35. Flags That Bite
In an HFT decode path, compiler flags and warnings can determine both correctness and nanosecond latency. UB that seems harmless at -O0 can silently miscompile at -O3 with LTO. You need configurations that are fast yet safe under aggressive optimization.
#include <cstring>
#include <cstdint>
float as_float(std::uint32_t x){
float f;
std::memcpy(&f, &x, sizeof f);
return f;
}
Part 1.
A teammate proposes replacing the std::memcpy bit-cast with reinterpret_cast<float*>(&x) to "go faster." Explain the behavioral and performance consequences under -O3 with and without -fstrict-aliasing, and how you would enforce the correct approach in CMake.
Part 2.
(1) When is -Ofast acceptable over -O3 in pricing code, and what correctness risks does it introduce?
(2) Pros/cons of LTO/IPO for a matching engine; how to toggle per-target in CMake?
(3) Which warning flags help catch dangerous casts/aliasing, and should they be errors?
(4) How would you structure sanitizer builds in CMake to avoid impacting release performance?
(5) When and why use -march=native versus a portable baseline; deployment implications?
Answer
Answer (Part 1)
Type-punning via reinterpret_cast<float*>(&x) is undefined behavior in C++ and can miscompile under -O3 with strict aliasing enabled (the default at higher optimizations): the compiler may assume int and float do not alias, hoist loads, or eliminate the store, yielding stale or nonsense values. Disabling aliasing with -fno-strict-aliasing may incidentally make it appear to work, but the behavior remains undefined and non-portable.

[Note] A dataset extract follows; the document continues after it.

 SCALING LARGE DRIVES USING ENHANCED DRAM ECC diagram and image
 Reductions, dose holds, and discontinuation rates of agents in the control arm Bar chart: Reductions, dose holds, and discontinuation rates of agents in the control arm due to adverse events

Keep the defined approach: std::memcpy (or std::bit_cast in C++20) which optimizes to a register move at -O3 on trivial types. In CMake, prefer correctness-by-construction: expose C++20 if available (target_compile_features(t PRIVATE cxx_std_20)), avoid adding -fno-strict-aliasing to “fix” UB, enable -O3 -march=native -flto for Release, and enforce warnings (-Wall -Wextra -Werror plus aliasing/cast warnings) per-target with target_compile_options.
Answer (Part 2)
(1) -Ofast relaxes IEEE/strict semantics (e.g., reassociation, NaNs, signed zeros), risking numerical divergence. Use only with proven invariants and exhaustive validation.
(2) LTO improves cross-TU inlining and dead-stripping, reducing call overhead; link times grow. Toggle via set_property(TARGET t PROPERTY INTERPROCEDURAL_OPTIMIZATION TRUE) and restrict to Release.
(3) Use -Wall -Wextra -Wconversion -Wfloat-conversion -Wcast-align and GCC’s -Wstrict-aliasing. Treat them as errors to prevent risky merges.
(4) Create separate sanitizer configs/targets (ASan/UBSan/TSan) using target_compile_options/target_link_options; never enable in Release. Keep feature flags orthogonal via presets or cache variables.
(5) -march=native maximizes throughput using host-specific ISA but breaks portability and reproducible artifacts. Prefer a baseline (-march=x86-64-v3) and per-deployment tuning.